België
Markeren
Deel
Route
Aan het eind van de oorlog waren er ruim 250.000 Duitse krijgsgevangenen in België. Tienduizenden werden aan het werk gezet, vooral in de mijnen, in het kader van de Bataille du charbon. Meer dan 2.000 werden tewerkgesteld in de Ardennen.
In oktober 1945 werd er in Poix-Saint-Hubert een krijgsgevangenenkamp geopend dat plaats bood aan 1.000 man. Het kamp lag op een stuk braakliggend land, vlak bij de overblijfselen van de oude chemicaliënfabriek van Chimay. Het werd bewaakt door Belgische soldaten. Het kamp viel onder het regionale commando van de gevangenenkampen van Luik. De gevangenen moesten hout verzamelen dat werd gebruikt om de gangen van de mijnen te stutten. Het was zwaar werk, maar ze werkten in kleine groepjes en er heerste een ontspannen en informele sfeer. Sommige gevangenen hielpen ook bij de opruiming van de mijnen, ook al was dat volgens het Verdrag van Genève verboden. Ook aan de Belgische kust was dit het geval. Verschillende gevangenen kwamen om het leven. Andere hielpen bij de opruiming en wederopbouw, vooral in Bastenaken.

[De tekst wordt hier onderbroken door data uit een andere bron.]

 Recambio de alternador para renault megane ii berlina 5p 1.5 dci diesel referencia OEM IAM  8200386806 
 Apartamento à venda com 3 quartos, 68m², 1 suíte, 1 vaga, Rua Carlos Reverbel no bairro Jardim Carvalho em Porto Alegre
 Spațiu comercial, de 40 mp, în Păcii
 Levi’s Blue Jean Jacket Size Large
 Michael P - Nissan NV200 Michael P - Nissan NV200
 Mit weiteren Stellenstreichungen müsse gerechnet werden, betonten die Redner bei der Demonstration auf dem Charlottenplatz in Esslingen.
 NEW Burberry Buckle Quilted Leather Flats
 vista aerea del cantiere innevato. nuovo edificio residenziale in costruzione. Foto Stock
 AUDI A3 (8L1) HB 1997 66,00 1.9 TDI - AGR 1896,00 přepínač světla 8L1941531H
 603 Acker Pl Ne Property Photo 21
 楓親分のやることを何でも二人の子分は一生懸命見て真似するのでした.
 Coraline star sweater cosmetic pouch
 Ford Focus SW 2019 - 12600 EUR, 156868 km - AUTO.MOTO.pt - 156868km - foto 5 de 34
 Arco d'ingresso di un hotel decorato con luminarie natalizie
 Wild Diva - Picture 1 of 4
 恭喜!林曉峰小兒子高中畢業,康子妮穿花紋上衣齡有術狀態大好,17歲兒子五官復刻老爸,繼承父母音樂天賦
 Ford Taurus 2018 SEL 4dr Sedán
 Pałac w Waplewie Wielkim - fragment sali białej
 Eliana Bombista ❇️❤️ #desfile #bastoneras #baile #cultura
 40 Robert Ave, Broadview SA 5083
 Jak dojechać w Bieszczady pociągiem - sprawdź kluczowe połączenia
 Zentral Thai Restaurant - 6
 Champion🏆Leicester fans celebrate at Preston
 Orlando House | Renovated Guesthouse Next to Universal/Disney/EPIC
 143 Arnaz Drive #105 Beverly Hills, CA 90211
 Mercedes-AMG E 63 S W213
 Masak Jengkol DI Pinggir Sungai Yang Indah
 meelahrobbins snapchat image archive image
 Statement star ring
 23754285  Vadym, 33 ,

In december 1945 werden er in de regio twee andere kampen (zogenaamde boskampen) opgericht, in Vielsalm bij de barakken van de Ardense Jagers en in Elsenborn. Er waren ook verschillende kleine kampen. Soms woonden gevangenen in bij de lokale bevolking, waar ze werkten op boerderijen die op die manier profiteerden van goedkope arbeidskrachten. Het is niet verwonderlijk dat de eerste contacten vaak moeizaam verliepen. Hier en daar braken rellen uit. De herinnering aan het Ardennenoffensief was nog vers, maar naarmate de maanden verstreken, namen de vijandige gevoelens af. Sommige Duitse voormalig krijgsgevangenen settelden zich zelfs in de regio. Het is geen verrassing dat het overgrote deel van hen in 1948 terugkeerde naar Duitsland.